Who is this good parent? It certainly isn’t me. But there is this myth about Attachment Parenting that we don’t get angry, that no matter what our children do, we are always calm and don’t experience the strong emotions that parents not practicing AP do.

Being an attached parent doesn’t mean we don’t experience emotions like anger, disappointment, and frustration. Oh, we experience them – just like any parent does! What being an attached parent means is that we choose to express these strong emotions in ways that don’t hurt our children. We choose to look inward to ourselves when we’re feeling angry, instead of blaming others, in order to see the real reason for our feelings.

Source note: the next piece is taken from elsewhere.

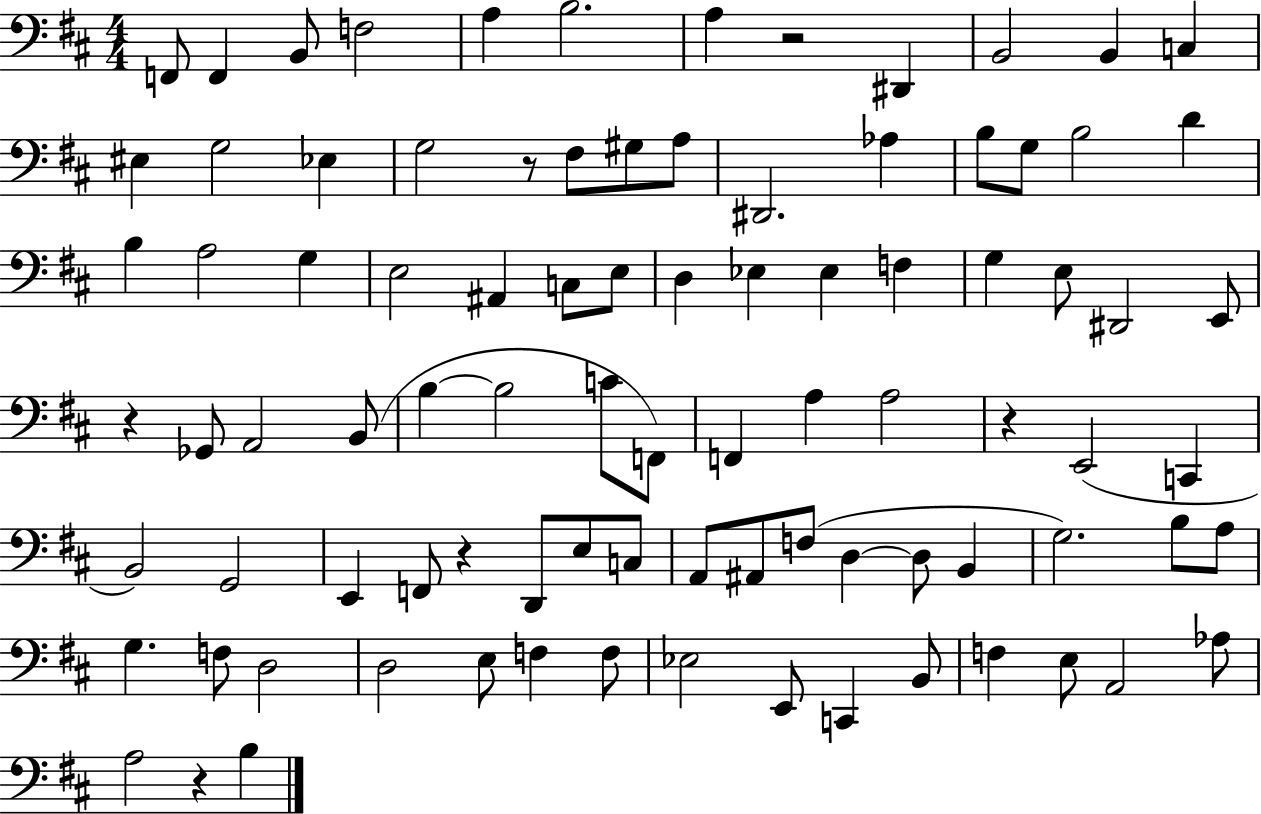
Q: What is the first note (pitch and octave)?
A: F2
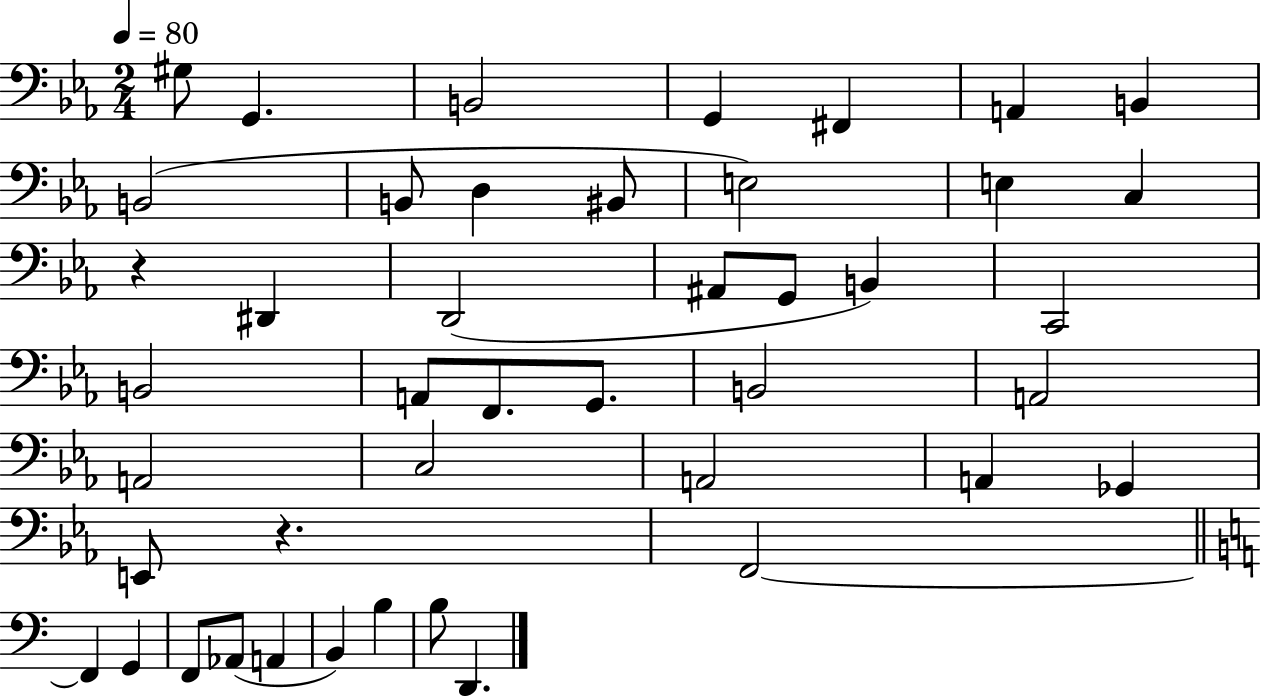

Instead of “You make me mad when you throw your bowl of food on the floor,” we teach ourselves to think, “I feel angry when you throw your bowl.” No one can “make us mad” – we make ourselves mad. It is our expectations we place on situations that don’t get met, and that is what makes us mad.

When I was starting out with Attachment Parenting, I believed the myth that good parents don’t get mad. So, I was trying to re-train myself to meet this impossibly high standard of perfection – one where I never felt angry, where I was always understanding, and where I knew exactly what to say or do in all situations. Ha, ha, ha!

It was while reading Raising an Emotionally Intelligent Child by John Gottman that I learned that it’s OK to be angry. The book includes a quiz for parents to help them explore their feelings about experiencing strong emotions in themselves and their children. Before taking the quiz, I was sure that I was on the right track of teaching my children about handling strong emotions; after getting the results, I realized I was far from an expert. At that time, I was always striving to fix my children’s feelings of anger and sorrow and to help them learn how to deal with these feelings, too. But I learned through Gottman that I wasn’t truly accepting of these strong feelings in my children, or myself. For example, if my child seemed a little sad one day, I would do everything to try to make her feel better, and if nothing seemed to help, I would feel frustrated and eventually angry because I couldn’t fix the situation. I was scared of anger and melancholy and other strong emotions because I had grown up learning that these emotions needed to be avoided, or else, you appeared “weak” or “broken.”

In reality, feeling the full emotional spectrum including anger and sadness allows us to experience the fullness of life. The trick is to learn how to manage these strong emotions rather than allow them to control our behavior. For example, it’s OK to feel anger but it’s not OK to use that feeling as a justification to hit others.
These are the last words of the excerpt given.